Start of Records for the exercise
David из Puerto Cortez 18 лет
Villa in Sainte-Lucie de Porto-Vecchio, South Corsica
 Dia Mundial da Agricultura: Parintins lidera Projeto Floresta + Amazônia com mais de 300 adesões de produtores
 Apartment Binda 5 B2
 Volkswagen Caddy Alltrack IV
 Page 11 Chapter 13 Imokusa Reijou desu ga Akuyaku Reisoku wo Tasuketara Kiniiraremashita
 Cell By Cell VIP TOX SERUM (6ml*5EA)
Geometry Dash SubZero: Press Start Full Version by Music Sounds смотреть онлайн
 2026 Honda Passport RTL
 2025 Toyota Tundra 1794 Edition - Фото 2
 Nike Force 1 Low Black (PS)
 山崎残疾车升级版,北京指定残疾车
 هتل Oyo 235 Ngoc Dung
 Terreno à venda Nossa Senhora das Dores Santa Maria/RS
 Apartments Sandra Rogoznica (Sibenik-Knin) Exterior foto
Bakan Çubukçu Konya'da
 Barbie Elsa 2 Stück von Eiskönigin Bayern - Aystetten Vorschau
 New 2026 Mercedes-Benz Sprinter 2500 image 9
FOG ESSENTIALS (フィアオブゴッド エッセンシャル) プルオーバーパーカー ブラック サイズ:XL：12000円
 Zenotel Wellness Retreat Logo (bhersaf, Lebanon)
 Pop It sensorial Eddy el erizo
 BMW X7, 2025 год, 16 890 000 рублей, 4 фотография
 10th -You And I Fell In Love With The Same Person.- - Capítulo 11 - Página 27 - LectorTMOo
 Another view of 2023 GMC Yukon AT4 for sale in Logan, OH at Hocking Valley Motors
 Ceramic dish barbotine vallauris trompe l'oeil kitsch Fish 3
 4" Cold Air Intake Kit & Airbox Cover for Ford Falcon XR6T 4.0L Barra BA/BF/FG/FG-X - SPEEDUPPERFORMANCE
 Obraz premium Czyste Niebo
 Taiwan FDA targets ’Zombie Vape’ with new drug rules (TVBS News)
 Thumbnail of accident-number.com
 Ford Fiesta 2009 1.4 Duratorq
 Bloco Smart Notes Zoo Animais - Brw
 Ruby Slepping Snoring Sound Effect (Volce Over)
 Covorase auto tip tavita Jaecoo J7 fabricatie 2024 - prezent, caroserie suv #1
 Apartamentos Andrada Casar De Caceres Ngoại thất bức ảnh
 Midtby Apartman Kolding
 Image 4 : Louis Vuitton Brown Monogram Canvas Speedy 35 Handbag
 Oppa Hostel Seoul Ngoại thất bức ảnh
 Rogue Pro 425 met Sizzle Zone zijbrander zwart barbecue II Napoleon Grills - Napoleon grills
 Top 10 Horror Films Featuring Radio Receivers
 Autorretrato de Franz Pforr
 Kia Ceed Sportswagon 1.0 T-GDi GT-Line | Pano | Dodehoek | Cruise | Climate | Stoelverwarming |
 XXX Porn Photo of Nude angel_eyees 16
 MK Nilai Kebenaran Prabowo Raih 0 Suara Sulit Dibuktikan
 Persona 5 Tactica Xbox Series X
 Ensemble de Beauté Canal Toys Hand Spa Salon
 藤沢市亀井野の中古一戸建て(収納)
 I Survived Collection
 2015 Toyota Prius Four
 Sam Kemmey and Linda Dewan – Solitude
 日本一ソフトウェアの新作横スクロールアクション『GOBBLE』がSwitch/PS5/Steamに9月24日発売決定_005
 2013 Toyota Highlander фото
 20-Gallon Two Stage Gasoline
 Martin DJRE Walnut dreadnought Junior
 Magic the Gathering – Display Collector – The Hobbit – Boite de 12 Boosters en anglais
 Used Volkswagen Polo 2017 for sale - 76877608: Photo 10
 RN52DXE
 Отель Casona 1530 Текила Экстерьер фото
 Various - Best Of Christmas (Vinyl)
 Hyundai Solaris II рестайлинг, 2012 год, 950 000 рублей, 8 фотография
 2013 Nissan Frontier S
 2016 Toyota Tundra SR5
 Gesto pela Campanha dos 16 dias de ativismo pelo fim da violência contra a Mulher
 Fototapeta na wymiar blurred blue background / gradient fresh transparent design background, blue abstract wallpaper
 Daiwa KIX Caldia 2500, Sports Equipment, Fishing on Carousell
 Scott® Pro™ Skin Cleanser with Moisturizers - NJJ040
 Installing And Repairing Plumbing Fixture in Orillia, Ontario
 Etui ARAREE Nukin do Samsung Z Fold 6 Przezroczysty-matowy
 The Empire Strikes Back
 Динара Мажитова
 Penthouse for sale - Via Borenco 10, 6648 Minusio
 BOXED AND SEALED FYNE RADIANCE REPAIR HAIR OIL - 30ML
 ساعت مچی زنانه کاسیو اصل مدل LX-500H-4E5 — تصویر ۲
End of Records for the exercise
#### What you will do
Pull out every line of the records that includes the string "Tundra".

#### Answer for the task
 2025 Toyota Tundra 1794 Edition - Фото 2
 2016 Toyota Tundra SR5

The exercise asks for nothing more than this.